**Records provided**:
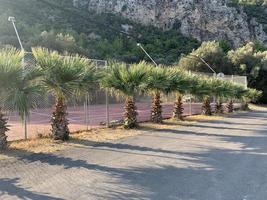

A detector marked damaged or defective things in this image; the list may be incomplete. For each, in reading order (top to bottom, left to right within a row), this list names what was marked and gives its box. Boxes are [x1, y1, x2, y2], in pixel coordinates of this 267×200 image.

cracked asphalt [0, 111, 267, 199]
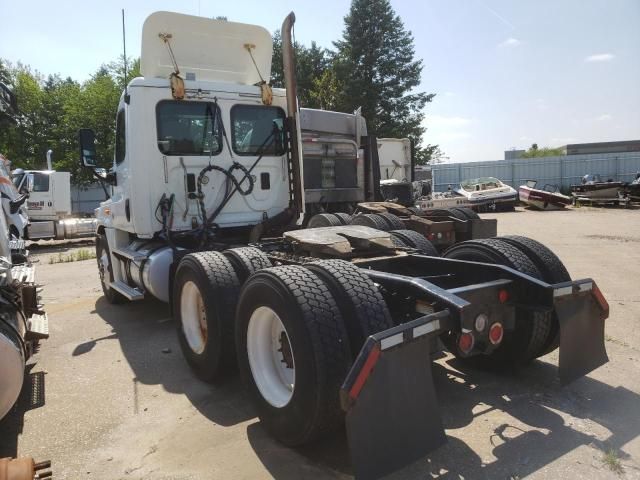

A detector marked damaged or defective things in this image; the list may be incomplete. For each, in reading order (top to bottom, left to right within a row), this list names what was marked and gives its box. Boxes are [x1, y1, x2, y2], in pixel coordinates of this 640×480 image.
* * *
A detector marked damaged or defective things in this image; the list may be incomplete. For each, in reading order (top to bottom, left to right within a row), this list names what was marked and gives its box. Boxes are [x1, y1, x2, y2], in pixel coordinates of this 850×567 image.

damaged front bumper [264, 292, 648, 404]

**Task statement**:
Transcribe only this stretch of the data: the line with "this 267×200 image.", the line with "this 640×480 image.", and every line in between. Leave out the pictures.

**Solved problem**:
A detector marked damaged or defective things in this image; the list may be incomplete. For each, in reading order (top to bottom, left to right within a row), this list names what was marked and gives its box. Boxes are [x1, y1, x2, y2], in pixel coordinates of this 267×200 image.

cracked asphalt [0, 111, 267, 199]

A detector marked damaged or defective things in this image; the list may be incomplete. For each, in reading order (top to bottom, left to right within a row), this list names what was marked and gives its box. Boxes are [x1, y1, x2, y2], in pixel coordinates of this 640×480 image.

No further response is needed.